Williams brought the crowd to its feet with his theme from Monday Night Football, then rolled into “That’s How They Do It in Dixie” (his new single) and “Born to Boogie.” Then he took an unusual solo turn, grabbing his acoustic guitar to bang out “Blues Man,” “A Country Boy Can Survive,” the silly and clever “The World Don’t Revolve Around Kenny Chesney” and, of course, “Family Tradition.” And, by the way, he’d still like you to know that if you don’t like Kid Rock or Patsy Cline or Fats Domino or Hank Williams, then you can kiss his family’s ass.
Meanwhile, Skynyrd capped off a “Free Bird”-free evening with other classics like “Gimme Three Steps” and “Sweet Home Alabama,” with fireworks exploding above the stadium just before midnight.
By then, the music had been steadily flowing for four hours. Because everybody has a short set, you pretty much get the hits before moving on to the next act.
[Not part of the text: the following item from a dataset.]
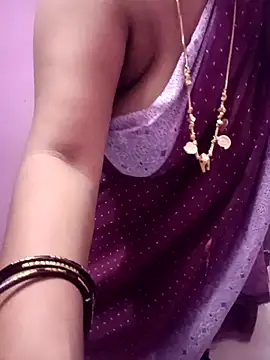 Snapshot of Tamil_Rathi chatting on 03-15-25, 07:27 Tamil Rathi online show from 03-15-25, 07:27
Little Big Town and Pat Green stayed long enough for a hit or two, but Blake Shelton found enough time to cover the Bellamy Brothers’ “Redneck Girl” as well as his own string of hits — from “Nobody but Me,” “Goodbye Time” and “Some Beach” to “Austin” and “Ol’ Red.” You can tell he’s been playing the big venues with Toby Keith and Rascal Flatts because he looks totally at ease in a football stadium, which isn’t always easy, even for veteran headliners.
In the second hour, Sara Evans pranced around the stage with that beaming smile of hers, singing “Born to Fly,” “Suds in the Bucket,” her new single “Coalmine” (though it was hard to hear the lyrics) and “I Could Not Ask for More.” You can tell she loves the spotlight by the way she easily interacts with the audience, though she did momentarily turn everyone’s attention to a couple from Buffalo, N.Y., when the young man proposed marriage. Unfortunately, he was giggling all the way through it, prompting Evans to scold him, “Don’t laugh!” Anyway, the young woman said yes, and Evans returned to center stage to sign off with “Real Fine Place.”
Two of country’s most reliable hit-makers filled the gap between Evans and Brooks & Dunn. Dierks Bentley dropped by unannounced — instantly delighting several screaming young adults behind me — for a five-song set, including a new song, “Every Mile a Memory.” Gary Allan followed that with a string of familiar favorites, such as “Best I Ever Had” and “Life Ain’t Always Beautiful.” That last title is certainly true, but enjoying four hours of high-caliber country music under clear Nashville skies is always a very attractive option.